See the E-flite Timber X 1.2m BNF on Amazon
Who Should Buy It
Three buyer profiles represent the Timber X’s natural market:
The first-time pilot investing seriously in the hobby. If you’ve accepted the learning curve, done your research, and want an aircraft that won’t force you to upgrade in six months, the Timber X is a logical choice. SAFE Select provides a recoverable platform while you accumulate stick time; AS3X makes the aircraft handle better in real conditions than its size would suggest. Start on 3S with the composite CG joiner. The airframe will be ready for 4S long before most pilots are.
The pilot stepping up from a basic trainer. You’ve logged time on a three-channel primary trainer and want something with genuine aileron authority, functional flaps, and a power system with real headroom — but you’re not ready to abandon all safety electronics and jump to a demanding aerobatics platform. The Timber X is exactly that middle ground.
The value-focused buyer who wants one aircraft, not four. The 3S/4S dual-voltage architecture, the rough-field landing gear, the optional float kit (EFL5261), and the LED lighting system collectively mean one aircraft can serve as a STOL flier, sport aircraft, aerobatics trainer, and amphibian.
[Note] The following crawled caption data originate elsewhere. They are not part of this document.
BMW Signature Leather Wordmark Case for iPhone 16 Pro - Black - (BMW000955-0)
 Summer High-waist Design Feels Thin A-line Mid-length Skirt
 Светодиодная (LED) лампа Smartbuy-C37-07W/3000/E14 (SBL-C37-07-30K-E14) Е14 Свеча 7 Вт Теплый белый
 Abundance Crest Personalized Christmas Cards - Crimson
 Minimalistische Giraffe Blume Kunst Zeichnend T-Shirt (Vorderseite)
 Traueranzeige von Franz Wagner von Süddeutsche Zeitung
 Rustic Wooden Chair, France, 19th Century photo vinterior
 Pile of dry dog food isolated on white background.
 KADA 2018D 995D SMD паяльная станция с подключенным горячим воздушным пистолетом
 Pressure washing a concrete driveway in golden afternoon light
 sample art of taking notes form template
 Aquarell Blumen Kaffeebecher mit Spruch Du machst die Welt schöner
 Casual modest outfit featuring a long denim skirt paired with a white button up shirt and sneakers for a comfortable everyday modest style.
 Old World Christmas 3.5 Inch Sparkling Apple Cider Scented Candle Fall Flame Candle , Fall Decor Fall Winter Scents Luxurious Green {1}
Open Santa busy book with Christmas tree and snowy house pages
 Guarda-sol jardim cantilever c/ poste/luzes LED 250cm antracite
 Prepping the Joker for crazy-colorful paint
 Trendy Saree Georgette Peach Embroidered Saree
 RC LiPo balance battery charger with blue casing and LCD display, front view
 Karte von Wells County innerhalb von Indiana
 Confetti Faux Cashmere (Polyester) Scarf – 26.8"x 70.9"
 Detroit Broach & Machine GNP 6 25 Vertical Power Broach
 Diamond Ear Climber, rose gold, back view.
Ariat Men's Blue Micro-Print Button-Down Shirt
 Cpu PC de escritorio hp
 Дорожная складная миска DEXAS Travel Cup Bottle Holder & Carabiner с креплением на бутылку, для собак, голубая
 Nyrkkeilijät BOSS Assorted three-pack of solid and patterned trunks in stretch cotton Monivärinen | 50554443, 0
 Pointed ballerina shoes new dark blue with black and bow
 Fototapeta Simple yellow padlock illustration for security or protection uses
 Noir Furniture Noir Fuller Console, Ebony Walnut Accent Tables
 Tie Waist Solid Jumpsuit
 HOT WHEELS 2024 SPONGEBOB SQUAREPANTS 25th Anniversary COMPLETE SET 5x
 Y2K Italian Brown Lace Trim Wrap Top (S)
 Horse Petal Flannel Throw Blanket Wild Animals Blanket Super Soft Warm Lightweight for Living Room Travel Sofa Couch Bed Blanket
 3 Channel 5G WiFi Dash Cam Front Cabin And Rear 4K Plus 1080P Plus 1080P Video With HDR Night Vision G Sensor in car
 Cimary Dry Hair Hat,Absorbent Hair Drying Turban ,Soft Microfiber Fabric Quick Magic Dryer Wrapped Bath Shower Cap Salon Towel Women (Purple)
That operational range from a single purchase is real and documented.
Who should look elsewhere:
Pilots whose primary objective is pure 3D precision — axial rolls, snap rolls, inverted harriers — will find the E-flite Extra 330 SC 1.3m more purposeful: its mid-wing, symmetrical-airfoil geometry eliminates the roll/yaw coupling inherent in high-wing designs and requires no STOL compromises. Pilots who specifically want a larger, more visually imposing STOL bush plane with the ergonomic advantage of top-loading battery access should look at E-flite’s Turbo Timber Evolution 1.5m — it flies a similar 3S/4S architecture with more wingspan and significantly better field ergonomics. Buyers who want pure scale STOL presence and don’t need integrated stabilization should consider the FMS PA-18 Super Cub 1700mm, which offers a larger footprint and excellent slow-flight manners. And pilots who want floats, scale detail, and AS3X/SAFE in a slightly larger package may find the E-flite Maule M-7 1.5m worth the comparison, though at greater weight and with less 3D authority. If a complete RTF package with transmitter and battery is a hard requirement from day one, the BNF format here will require additional investment before the aircraft can leave the ground.

Key Takeaways
- The Timber X 1.2m’s AS3X background stabilization and switchable SAFE Select protection make it one of the most beginner-accessible STOL airframes in the BNF format.
- The 3S/4S dual power system is a genuine growth feature — forgiving and manageable on 3S, genuinely aggressive on 4S.
- The bottom-loading battery bay and friction-fit collet prop adapter are real operational drawbacks that prospective buyers should weigh before purchasing.
- Tundra gear and the optional EFL5261 float kit extend usable flying environments well beyond a standard park flier.
- This aircraft is built for pilots who want durable, long-term utility from a single purchase — not for buyers needing a complete RTF kit or a dedicated precision 3D platform.